Juste après le lancement, le 18 décembre dernier, tous les instruments et systèmes ont été mis en route. La recette en vol a alors débuté. Cette étape consiste à vérifier un par un le bon fonctionnement de tous les sous-ensembles : le système d’alimentation électrique, le contrôle d’attitude, autrement dit la position du satellite sur son orbite, les ordinateurs de bord, les instruments d’acquisition des images et la transmission de ces images vers le sol.
Ces vérifications, qui ont pris environ trois mois confirment qu’Hélios 2b est opérationnel. C’est pourquoi il vient d’être remis définitivement à son principal client, le ministère français de la Défense, et à ceux des pays associés au projet (2).
Quel a été le rôle d’Astrium Toulouse dans le projet ?
Astrium est le maître d’œuvre du satellite. A Toulouse, nous avons réalisé l’assemblage de la plateforme, de la « case à équipements » qui contient les systèmes vitaux du satellite, et des instruments. Nous avons réalisé la recette en vol avec la DGA et le Cnes, qui est le maître d’ouvrage du satellite et assure en outre le contrôle de l’orbite du satellite depuis le Centre spatial de Toulouse.

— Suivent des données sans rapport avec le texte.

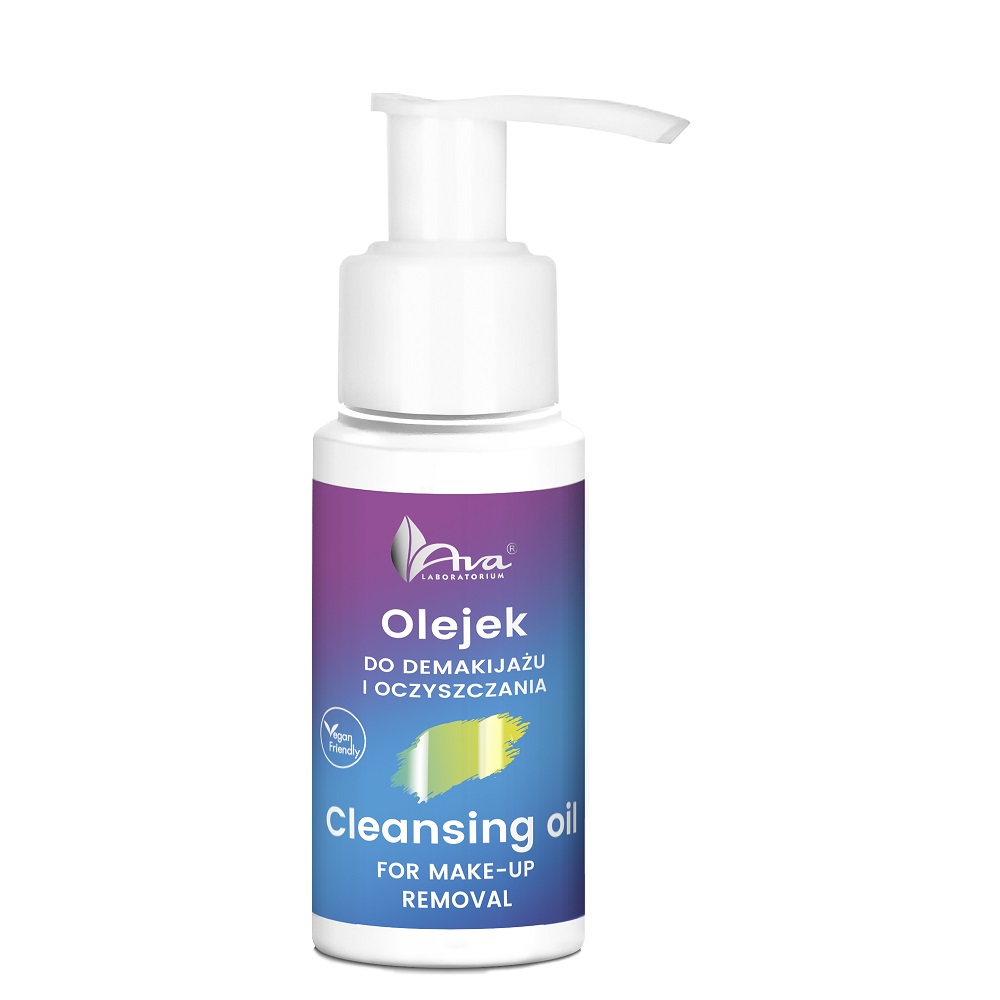Cleansing Remover And Cleansing Oil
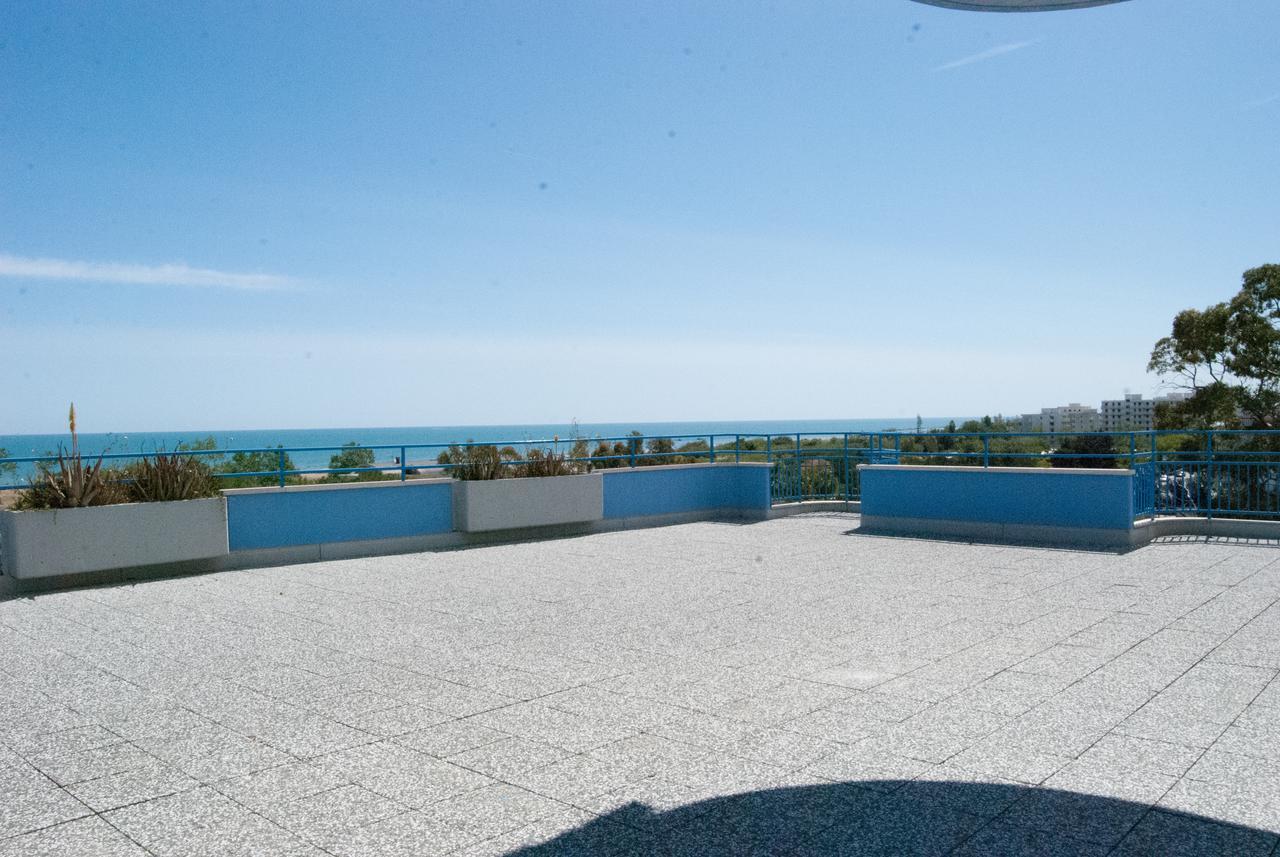 Dakar Living Hotel Vasto Exterior photo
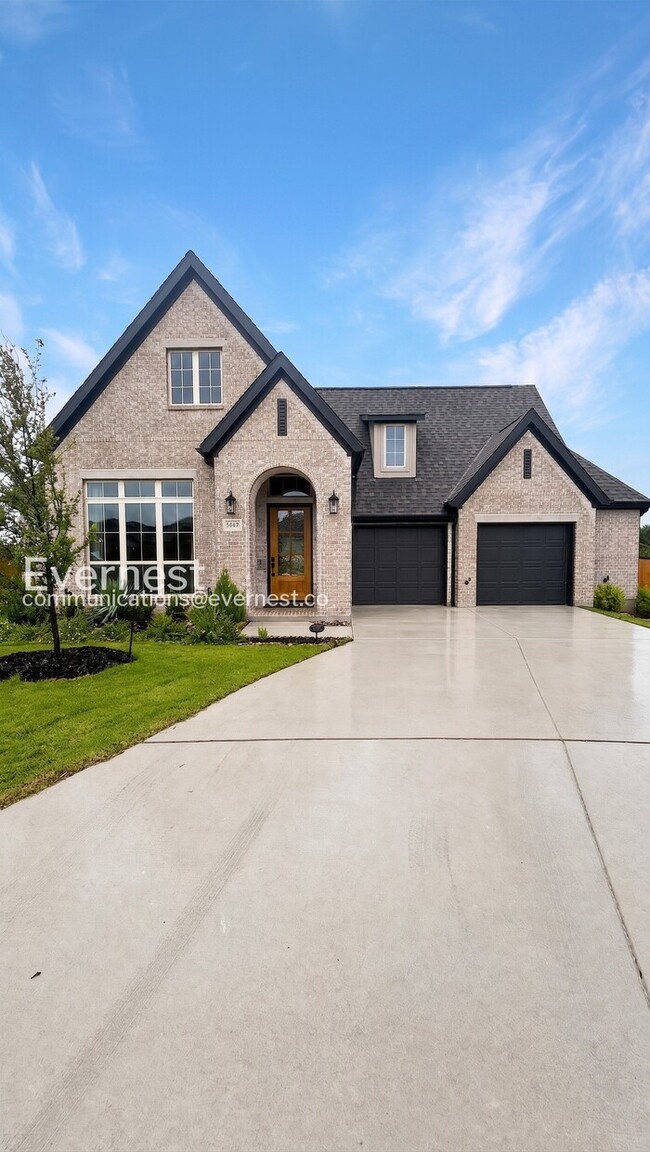 property at 1447 Cowan Run
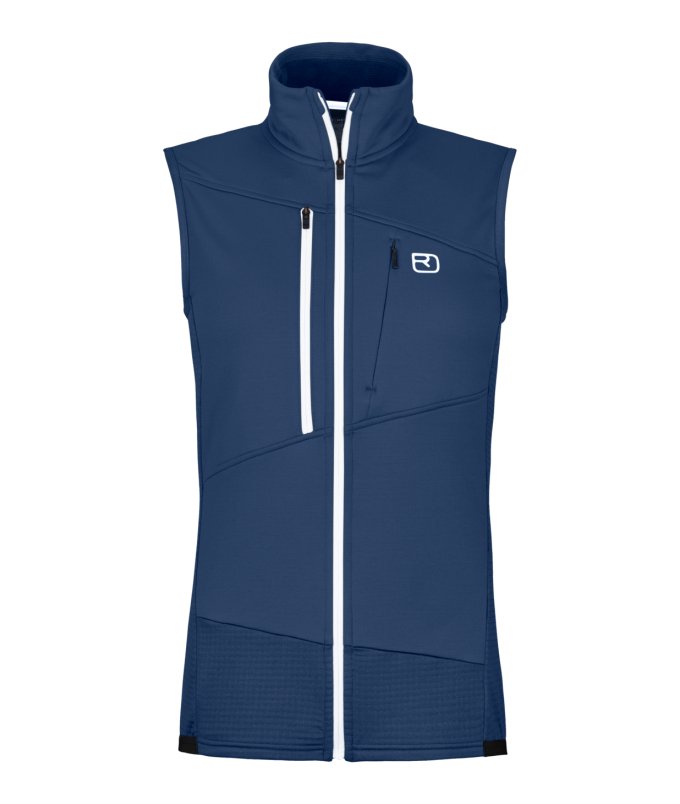 Sequence Wind Vest W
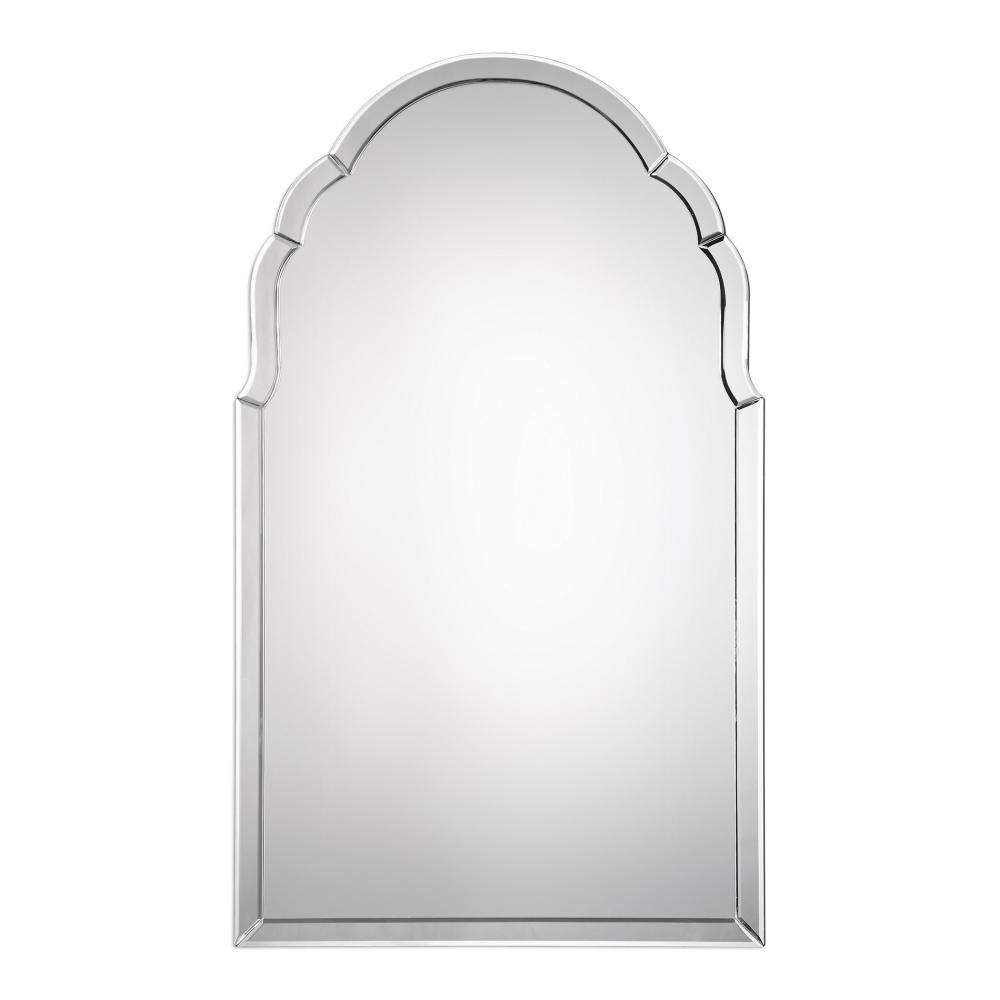 Uttermost Brayden Frameless Mirror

Au total, plus de 150 personnes ont été mobilisées pour Hélios 2b sur notre site. C’est sans conteste un des plus gros projets de ces dernières années.
De quoi les instruments du satellite sont-ils capables ?
Ces instruments observent dans les longueurs d’onde du visible, mais aussi dans l’infrarouge, ce qui permet de voir de nuit et de détecter des sources de chaleur qui témoignent d’une activité humaine. Hélios 2b dispose d’un instrument à large champ de vision, fabriqué par Astrium, identique à celui qui équipe le satellite civil Spot 5, et un autre spécifique, à haute résolution, fabriqué par Thalès Alenia Space à Cannes.
Il faut souligner que le satellite permet de prendre des clichés en « stéréo ». En effet, il est possible, en le basculant légèrement d’avant en arrière sur son orbite , de réaliser plusieurs clichés d’un objet lors de son survol. L’assemblage des clichés donne une vue en trois dimensions de l’objet, ce qui est beaucoup plus intéressant.
Quelle est la résolution maximale atteinte ?
Elle est secrète, bien entendu… (3)
Comment se fait la réception des images ?
Il y a une station principale à Creil, dans l’Oise, où se fait aussi la planification des observations, et qui transmet ses instructions au Cnes à Toulouse. Et chaque pays partenaire a sa propre station, la dernière devant être prochainement installée en Grèce.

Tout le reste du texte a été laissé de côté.